Happy birthday, Sir Joshua Reynolds!

As Kenwood House celebrates 300th anniversary of the birth of the first President of the Royal Academy, London Blue Badge Tourist Guide, Mark King, takes a quick look at the life and works of Sir Joshua Reynolds.

300 years ago, on 16 July 1723, Joshua Reynolds was born in Plympton, Devon. He later chose a career as an artist and eventually rose to eminence as the first President of the Royal Academy of Arts in 1768, becoming a titanic influence on British painting of the 18th century. He was knighted in 1769.

Sir Joshua Reynolds self-portrait c. 1788. Oil on panel RCIN 400699

Today, some may regard Reynolds’ paintings less favourably than in their day, but the presence of his paintings, print reproductions and writings in the collections of stately homes and galleries across the UK – and internationally – attest to a very successful career (see selected links below).

It is undeniable that his output was prodigious, his techniques were experimental and scholarly, and that at their best his fancy pictures and portraits in the ‘Grand Manner’ celebrate notable – as well as more ordinary – people or themes from contemporary British society. Undeniably, he was a powerful role model and the thoughtful champion of a distinctively British approach to the arts that drew on classical traditions. His legacy is huge.

In this article the focus is on one of the largest single collections of Reynolds’ work – 17 paintings acquired in the late 19th century by Edward Cecil Guinness, 1st Earl of Iveagh. They form a major part of a large, world-class fine art collection Iveagh gifted to the nation a hundred years ago.

Curator and team installing part of the special exhibition at Kenwood House. Copyright Mark King

The Iveagh Bequest is displayed permanently at Kenwood House near Hampstead in north London, where it is managed by English Heritage. With financial support from the Friends of Kenwood, the curatorial team has just unveiled a special 300th anniversary exhibition that shines a valuable spotlight on Lord Iveagh’s favourite artist.

Kenwood House, Hampstead, London. Copyright Mark King

Reynolds showed great genius as a young man. He moved to London and travelled around Europe, bringing back ideas about the arts, particularly from Italy. He became the chosen portrait painter for high society – including Kenwood’s late-18th century owner, the Lord Chief Justice William Murray, 1st Earl of Mansfield – and supported the careers of successful protegees including Angelica Kauffman. While visiting Kenwood, look out for six paintings by Kauffman.

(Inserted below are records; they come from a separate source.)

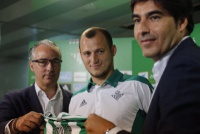 Огляд ЗМІ. Політінформація від Зозулі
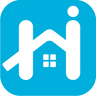 hihome.eu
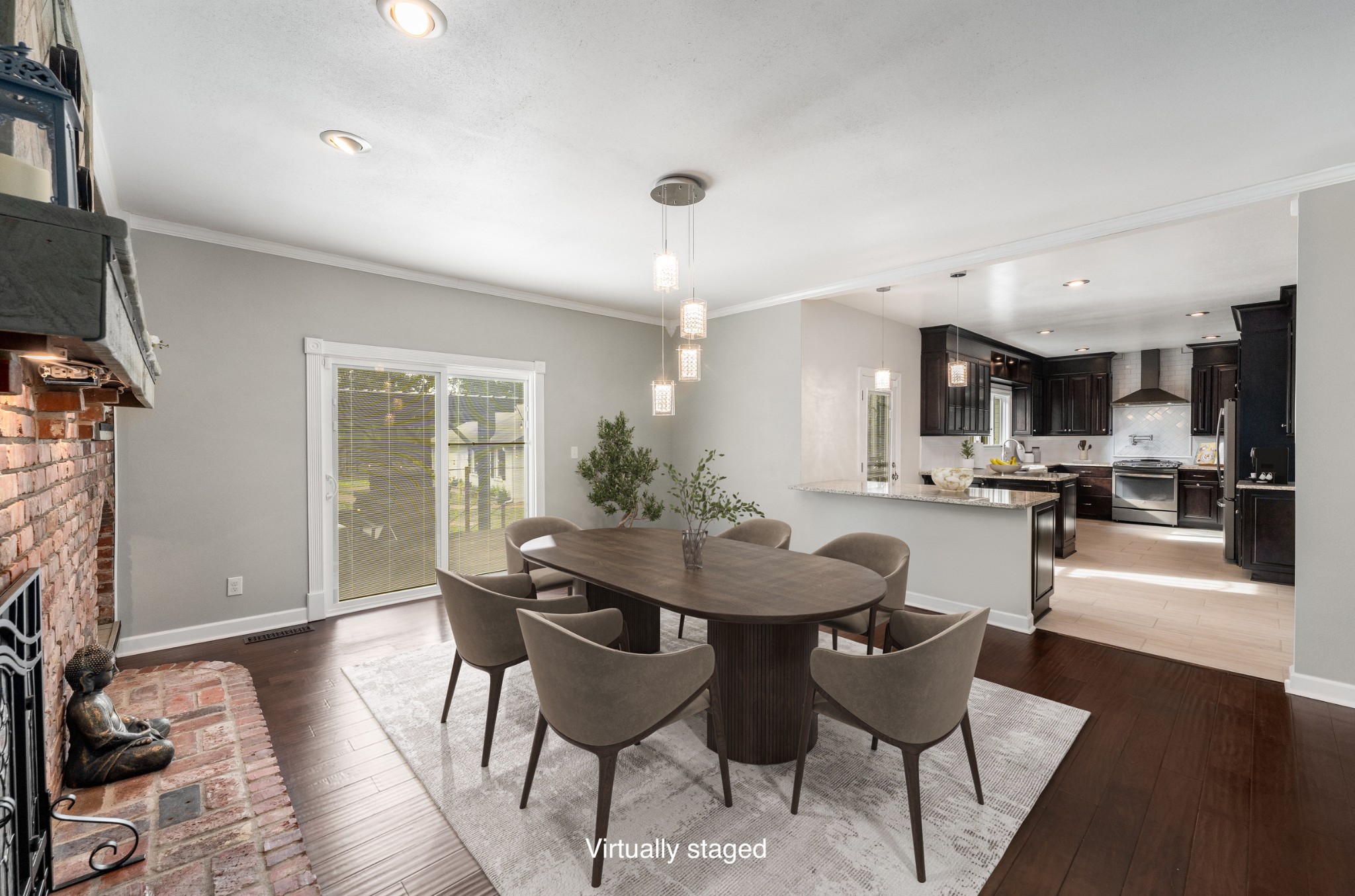 1486 Guill Road Mount Juliet, TN 37122 - Photo 13 of 54 Gallery Image 13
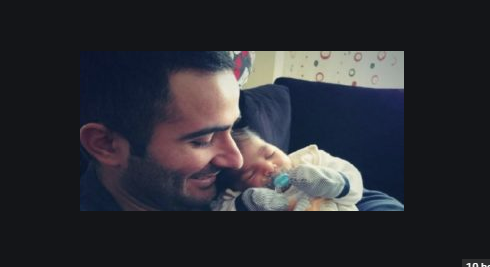 AKP’li belediye eczacıya öldükten sonra cevap verdi!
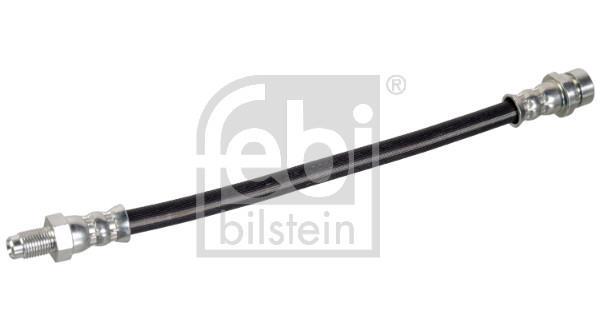 Flexível de travão FEBI BILSTEIN ref. 176290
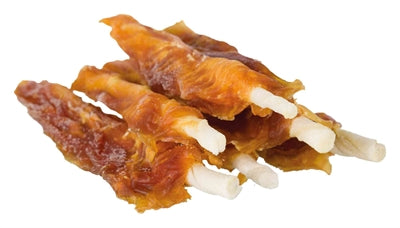 Trixie Premio Chicken Flags 400 Gr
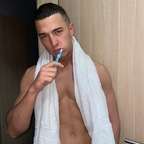 paulblackreal (Paul Black) OnlyFans content 

 profile picture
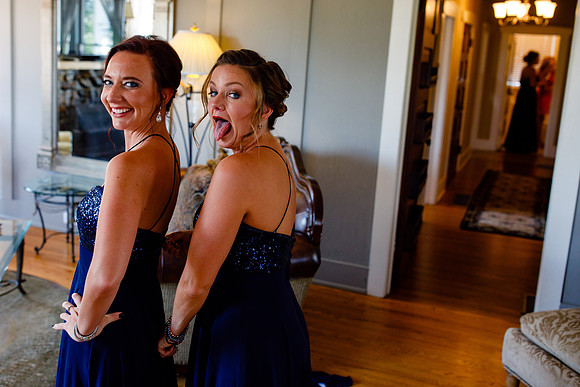 Chris_Kristin_Wdg-Edited-109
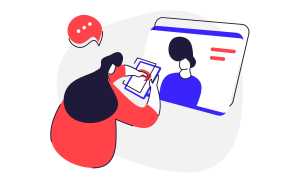 Mindblowing TikTok Ads Case Study: ROAS 7.49 with $110k+ revenue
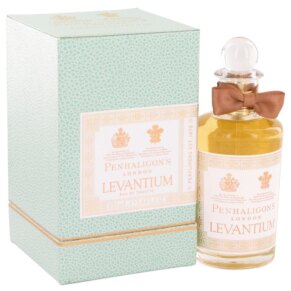 Nước hoa Levantium Nam và Nữ chính hãng Penhaligon's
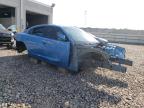 Blaine, MN에서 판매 중인 2016 Dodge Charger R/T Scat Pack - Stripped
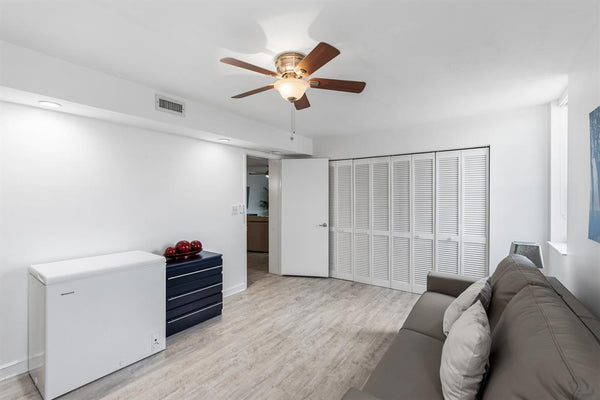 1167 Hillsboro Mile #509, Hillsboro Beach, FL 33062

Reynolds was partially deaf, possibly from a young age and progressively he lost his sight as he grew older. One of his final paintings before his eyesight failed is displayed poignantly in the exhibition. He has been portrayed using an ear trumpet and a self-portrait at Kenwood is a rarity – there aren’t many brutally honest 18th century portraits of people wearing spectacles! When he died aged 68 in 1792, he was honoured with burial in St Paul’s Cathedral, where he lies today, surrounded by several other eminent names from Britain’s artistic pantheon.

Lord Iveagh showed great discernment when he built his collection of Reynolds’ portraits and fancy pictures as part of a much wider collection, before gifting so many of them for all of us to enjoy. In this landmark year, when the National Portrait Gallery has acquired jointly with the Getty one of Reynolds’ most famous portraits, Mai/Omai, for a record-breaking £50 million, it is exciting for all of us at Kenwood House to be celebrating the 300th anniversary of the birth of this extraordinary artist.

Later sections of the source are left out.